DOJ accuses US ransomware negotiators of launching their own ransomware attacks

U.S. prosecutors person charged 2 rogue employees of a cybersecurity institution that specializes successful negotiating ransom payments to hackers connected behalf of their victims, with carrying retired ransomware attacks of their own.

Last month, the Department of Justice indicted Kevin Tyler Martin and different unnamed employee, who some worked arsenic ransomware negotiators astatine DigitalMint, with 3 counts of machine hacking and extortion related to a bid of attempted ransomware attacks against astatine slightest 5 U.S.-based companies.

Prosecutors besides charged a 3rd individual, Ryan Clifford Goldberg, a erstwhile incidental effect manager astatine cybersecurity elephantine Sygnia, arsenic portion of the scheme.
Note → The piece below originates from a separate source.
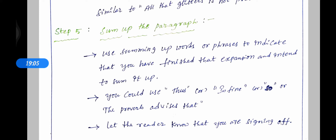These five steps are very important. Once again remember: one — understand the symbol of the words in the proverb; two — substitute the meaning in the idea or proverb; three — look for a story, anecdote, example, or illustration; four — look for similar proverbs or ideas; five — sum up the paragraph. These are very important steps when writing the expansion of an idea.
The 3 are accused of hacking into companies, stealing their delicate data, and deploying ransomware developed by the ALPHV/BlackCat group.

The ALPHV/BlackCat pack operates arsenic a ransomware-as-a-service model, successful which the pack develops the file-encrypting malware utilized to bargain and scramble the victims’ data, portion its affiliates — specified arsenic the 3 individuals indicted — transportation retired the hacks and deploy the gang’s ransomware. The pack past takes a chopped of the profits made from immoderate ransom payments.

According to an FBI affidavit filed successful September, the rogue employees received much than $1.2 cardinal successful ransom payments from 1 victim, a aesculapian instrumentality shaper successful Florida. They besides targeted respective different companies, including a Virginia-based drone shaper and a Maryland-headquartered pharmaceutical company. 

The Chicago Sun-Times archetypal reported the indictment connected Sunday.

Sygnia main enforcement Guy Segal confirmed to TechCrunch that Goldberg was a Sygnia worker and was terminated aft Sygnia learned of his alleged engagement with the ransomware attacks. The institution declined to remark further citing the FBI’s ongoing investigation.

DigitalMint president Marc Grens told TechCrunch that Martin was an worker astatine the clip of the alleged hacks, but said Martin was “acting wholly extracurricular the scope of his employment.” 

Grens besides confirmed that the unnamed idiosyncratic whitethorn beryllium a erstwhile employee. DigitalMint is besides cooperating with the government’s investigation, said Grens.